Muni short-end correction continues while Powell’s comments rattle USTs, equities

Bonds

Short-end municipals saw continued pressure Wednesday, further inverting the muni curve, while Fed Chairman Jerome Powell’s hawkish comments sent traders digesting the Fed’s next moves after the Federal Open Market Committee hiked rates 50 basis points. U.S. Treasuries ended the session slightly better after see-sawing post-FOMC and equities closed with losses.

In his post-FOMC meeting press conference, Powell said policy is “not at a sufficiently restrictive stance yet.” He added the Summary of Economic Projections could go higher in three months, but that is not certain since it will depend on data.

The pace of increases is not the main question for the Fed, he said, but rather how high rates go and how long they stay there.

Powell said he believes the Fed is getting close to a sufficiently restrictive level, but they’re not quite there. And while two good inflation reports are good, “there’s still a long way to go to price stability.”

A soft landing is still possible he said, since “no one knows if we’re going to have a recession.”

Subadra Rajappa, head of U.S. Rates Strategy at Societe Generale, noted, “Treasuries reversed gains from yesterday following the CPI report. We see more room for yields to rise in Q1, as the recent bullish momentum is slightly overstretched. With strong labor market and global inflation relatively high we expect modestly higher yields after year-end.”

USTs whipsawed post-FOMC but closed out with small gains. Triple-A yield curves mostly ignored other markets and short munis remained under pressure with cuts of up to five basis points on the one-year and a little changed tone outside of there.

The three-year muni-UST ratio was at 61%, the five-year at 67%, the 10-year at 71% and the 30-year at 97%, according to Refinitiv MMD’s 3 p.m. read. ICE Data Services had the three at 62%, the five at 66%, the 10 at 73% and the 30 at 97% at a 4 p.m. read.

Generally, munis have been doing well, holding their own against USTs, noted Jeff MacDonald, head of fixed income strategists at Fiduciary Trust International. Ratios continue to be at low levels, especially at the front end, but a correction is under way.

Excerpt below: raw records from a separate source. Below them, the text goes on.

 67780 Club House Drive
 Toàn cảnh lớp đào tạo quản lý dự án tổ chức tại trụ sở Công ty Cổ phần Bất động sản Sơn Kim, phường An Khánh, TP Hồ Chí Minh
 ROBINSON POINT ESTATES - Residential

“Fundamentals are in the process of peaking, and if we get a little bit more supply next year, yields could potentially come down, which would help munis,” he noted. “But spreads would likely reflect investors looking for a little bit more compensation, given that know, fundamentals have peaked and are weakening on the margin in 2023.”

MacDonald said technicals are an improving story. Rates and fund flows in the third quarter were weak, though the fourth quarter has seen rates and fund flows bounce back.

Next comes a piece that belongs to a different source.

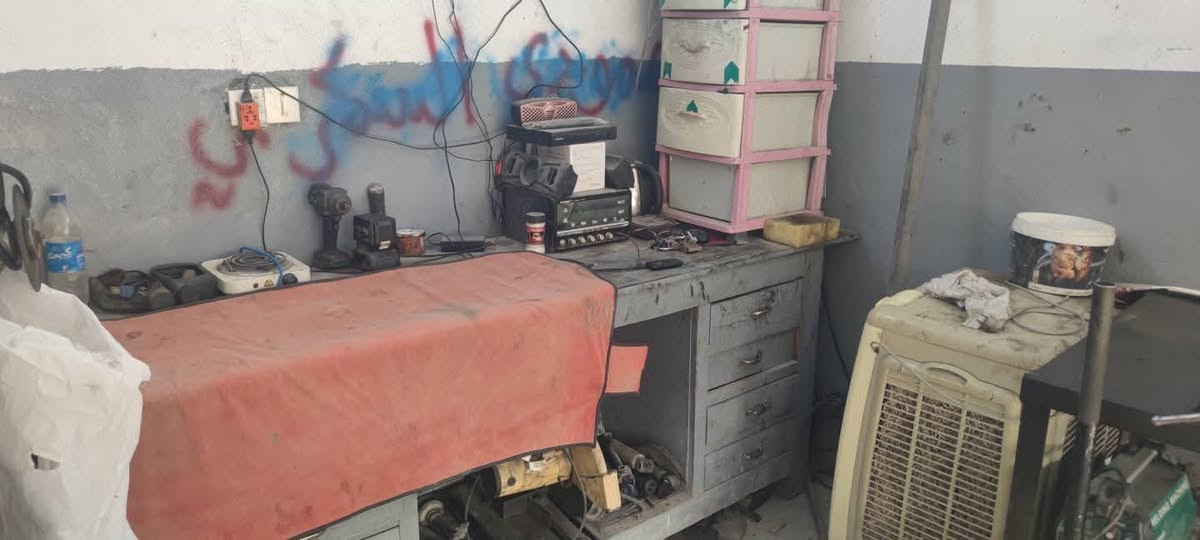 السلام عليكم تحياتي الجميع محل حداده صدر سيارات للبيع اليحب يدخل خاص على هاذ الرقم***********
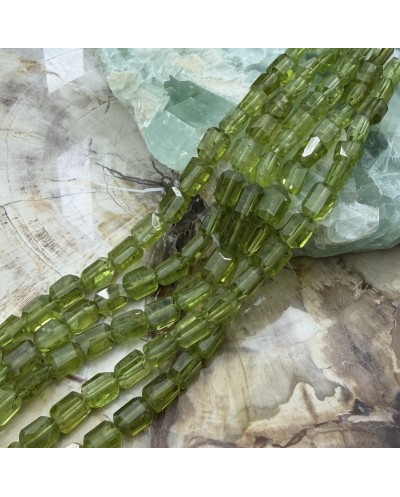 Kamień naturalny Oliwin bryłka szlifowana ok 9x6mm sznurek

Rates have “rolled over a little bit, and along with that, has been flows back into the market,” he said.

In the primary market, he said most of the tranches are multiple times oversubscribed.

“So there certainly is an appetite out there,” he said, though he noted this week represents the slowing of the primary market as the holidays approach.

Outflows were a “real issue” earlier in the year, but the market has started to see some relief in November and into December.

Outflows continued with the Investment Company Institute reporting that investors pulled $2.447 billion from mutual funds in the week ending Dec. 7 after $2.573 billion of outflows the previous week.

Exchange-traded funds saw another week of inflows at $1.351 billion after $1.386 billion of inflows the week prior, per ICI data.

In early 2023, rates will remain volatile, but if the “right things fall into place with respect to inflation and employment, a lower rate environment may start to develop, MacDonald said.

And a lower-rate environment, he said, could bring some refinancing opportunities and “beef up supply” later in the year.

Informa: Money market munis see outflows
Tax-exempt municipal money market funds saw $3.37 billion of outflows the week ending Tuesday, bringing the total assets to $103.72 billion, according to the Money Fund Report, a publication of Informa Financial Intelligence.

The average seven-day simple yield for all tax-free and municipal money-market funds rose to 1.93%,

Taxable money-fund assets inflows of $37.42 billion to end the reporting week at $4.589 trillion of total net assets. The average seven-day simple yield for all taxable reporting funds rose to 3.50%.

Secondary trading
Georgia 5s of 2023 at 2.69%. Minnesota 5s of 2024 at 2.61%-2.57%. California 5s of 2024 at 2.53%-2.40%. Washington 5s of 2024 at 2.60%.

Maryland 5s of 2026 at 2.44%-2.41%. Los Angeles DWP 5s of 2027 at 2.30%. New York Dorm PITs 5s of 2028 at 2.54%.

University of Texas 5s of 2030 at 2.50%. New York City 5s of 2031 at 2.60%.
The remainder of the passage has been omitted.